For Mr Toan, his trees are invaluable. "A man was willing to pay $1.2 million for my tree but I didn't want to sell it. If I sold it, how could I find a second tree like it," Toan said.

Why are ornamental trees worth so much?

Interestingly, these Vietnamese 'super trees' are not very valuable in the eyes of Japanese bonsai experts. And, likewise, Japanese bonsais are not valuable to Vietnamese experts.

According to experts, ornamental trees must meet certain criteria.

Firstly, the trees must be grown in pots for over a hundred years. Secondly they must be a special species and have a unique shape.

Thirdly, they must express some message or topic through their postures, which are believed to reflect the characteristics of the tree's creator or gardener.

The fourth factor is the individual tastes of the buyer.

Hanoians are apparently the most refined in their taste for ornamental trees, because their trees are different from any place in the country and even the outside world.
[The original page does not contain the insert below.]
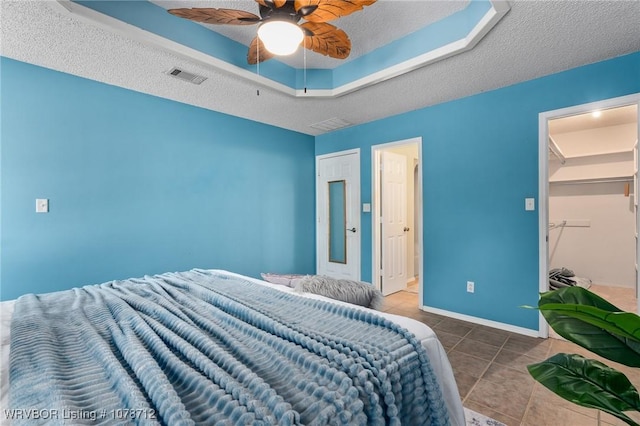 bedroom with tile patterned floors, a skylight, a textured ceiling, a tray ceiling, and ceiling fan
These trees are very rare. A several hundred years-old ornamental tree will have been cultivated by several generations of gardeners.

The process of cultivating the trees is very spiritual in itself. A branch of leaf must only be pruned after careful thought, and at the right time.

For the gardener or owner, the tree is treasured and sacred. It therefore often proves difficult for would-be buyers to assess a price or pursuade the tree's owner to sell.

One ornamental tree collector had his offer of $188,000 for a 300 year-old sanh tree refused by the Do family in the northern province of Nam Dinh. The offer, they said, wasn't enough for the 300 year-old masterpiece. Such refusals are relatively common.

Another family refused to sell because their tree was regarded as a spiritual asset for the whole family.

Rich tree collectors always pay attention to the spiritual aspects of the trees. For instance, a man named Dinh Hong Quan paid several billion dong to buy two sanh trees to avoid bad luck.

It has been said that once a man devotes his heart to a tree, the tree can understand his mind. Though there are no scientific grounds for this, this is a core belief of tree collectors and experts.